DBpedia Development Wiki devilopment bible

Edit this page with Git

Databus-derive-maven-plugin

Extension to the databus-maven-plugin, used to download and derive new datasets already released on the databus. mvn databus-derive:clone downloads all data into the build directory target/databus/derive/downloads, mvn clean deletes the downloaded data again. Later the plugin will feature better data housekeeping option, such as persisting some downloads in ${user.home}/.m2/databus and caching often used conversions.

working beta

  • we are using it to derive the monthly DBpedia releases from the MARVIN pre-releases (parse and remove syntax errors)
  • Code overlaps with the Databus Client. Merging and refactoring is required.

Current caveats:

  • putting a version that does not exist into <version> will result in a java.util.NoSuchElementException: QueryIterPlainWrapper
  • using is much less flexible than just giving the SPARQL query
  • can only parse RDF-NTriples as .bz2 other data is simply copied
  • Per default parsing data and cloning (e.g. create new versions for the databus-maven-plugin) are deactivated.
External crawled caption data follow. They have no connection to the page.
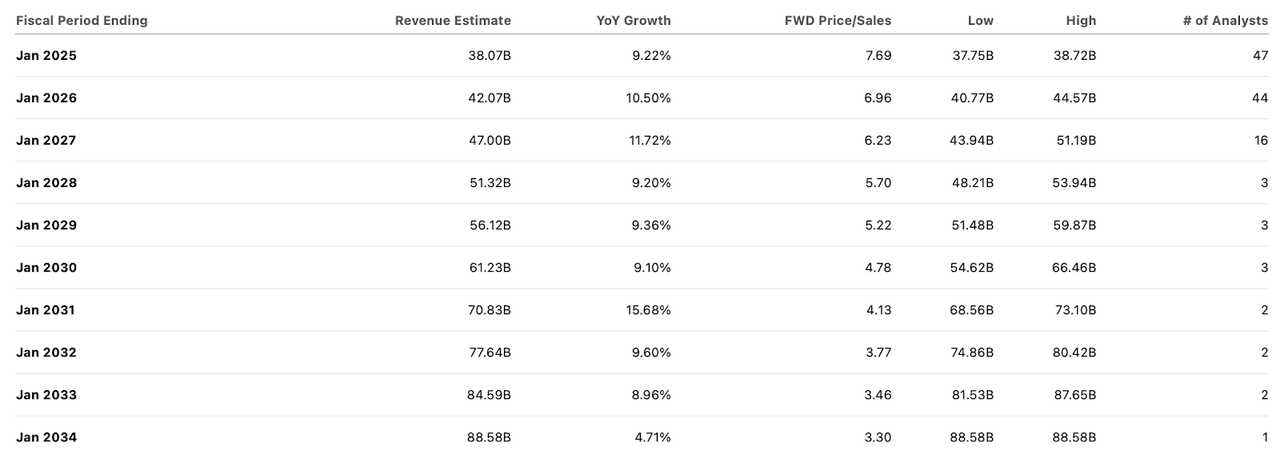 consensus estimates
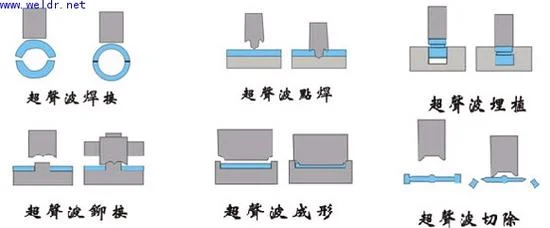 超声波焊接原理ppt_2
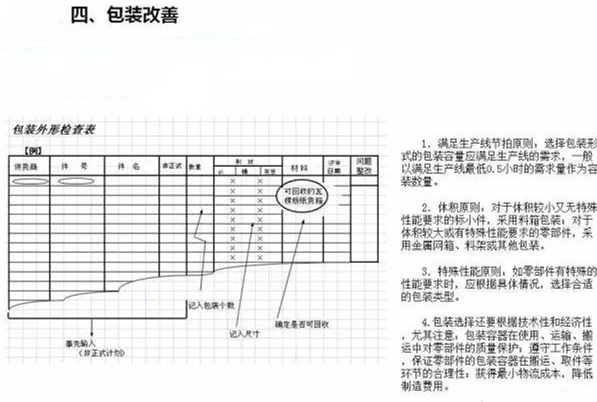 從包裝上，如何改善深圳壓鑄公司的管理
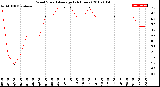 Milwaukee Weather Wind Speed<br>Average<br>(24 Hours)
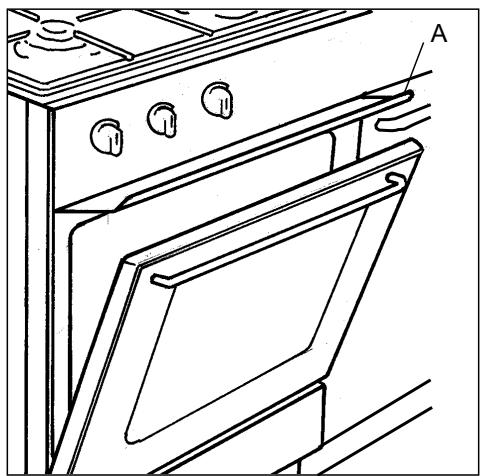 ZANKER GB904LTC - Comment utiliser le tournebroche ? - 1
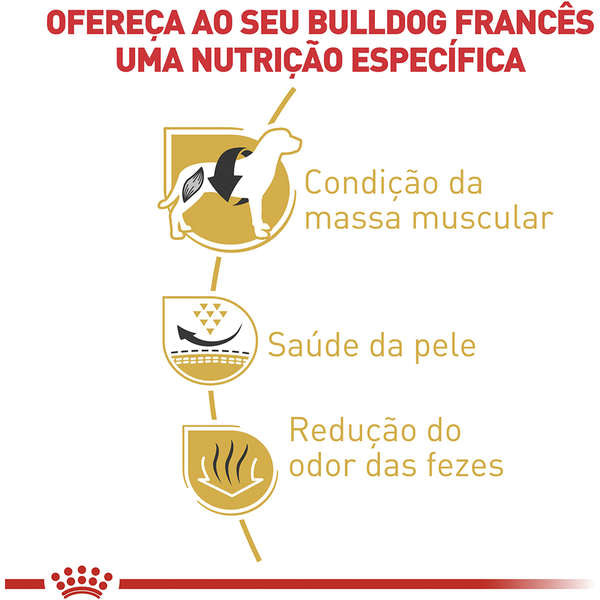 Ração Royal Canin Bulldog Francês Adulto 7,5kg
You can turn them on with -DskipParsing=false -DskipCloning=false, but beware the plugin needs three times the space of the data (easier to debug).

Setup

Add the snapshot plugin repository, not required if you already use the databus-maven-plugin

    <pluginRepositories>
        <pluginRepository>
            <id>archiva.internal</id>
            <name>Internal Release Repository</name>
            <url>http://databus.dbpedia.org:8081/repository/internal</url>
        </pluginRepository>
        <pluginRepository>
            <id>archiva.snapshots</id>
            <name>Internal Snapshot Repository</name>
            <url>http://databus.dbpedia.org:8081/repository/snapshots</url>
            <snapshots>
                <updatePolicy>always</updatePolicy>
            </snapshots>
        </pluginRepository>
    </pluginRepositories>

Add the following plugin entry to the BaseBuild(<build>) element in your maven pom.

  <build>
  ...
    <plugins>
      <plugin>
        <groupId>org.dbpedia.databus</groupId>
        <artifactId>databus-derive-maven-plugin</artifactId>
        <version>1.0-SNAPSHOT</version>
        <executions>
          <execution>
            <goals>
              <goal>clone</goal>
            </goals>
          </execution>
        </executions>
        <configuration>
          <versions>
            <version>https://databus.dbpedia.org/dbpedia/enrichment/mappingbased-literals/2019.03.01</version>
          </versions>
          <skipParsing>true</skipParsing>
          <skipCloning>true</skipCloning>
        </configuration>
      </plugin>
    </plugins>
  </build>

Note that you can also use a variable for configuration. This configuration downloads the whole DBpedia/mappings group.

 <properties>
	<!-- used for derive plugin, can be anything really -->
        <databus.deriveversion>2019.08.01</databus.deriveversion>
 </properties>

 <configuration>
          <versions>
            <version>https://databus.dbpedia.org/marvin/mappings/geo-coordinates-mappingbased/${databus.deriveversion}</version>
            <version>https://databus.dbpedia.org/marvin/mappings/instance-types/${databus.deriveversion}</version>
            <version>https://databus.dbpedia.org/marvin/mappings/mappingbased-literals/${databus.deriveversion}</version>
            <version>https://databus.dbpedia.org/marvin/mappings/mappingbased-objects/${databus.deriveversion}</version>
            <version>https://databus.dbpedia.org/marvin/mappings/mappingbased-objects-uncleaned/${databus.deriveversion}</version>
            <version>https://databus.dbpedia.org/marvin/mappings/specific-mappingbased-properties/${databus.marvinversion}</version>
          </versions>
          <skipParsing>true</skipParsing>
          <skipCloning>true</skipCloning>
 </configuration>

Maven manual install

git clone https://github.com/dbpedia/databus-derive.git
cd databus-derive
mvn clean install

Usage

Execute the plugin.

# normal
export MAVEN_OPTS="-Xmx24000m" 
# for 64Cores ~ 64GB to parse 5GB bz2
export MAVEN_OPTS="-Xmx64000m" 

mvn databus-derive:clone

Standalone Execution

It is also possible to just create cleaned triples and pareslogs.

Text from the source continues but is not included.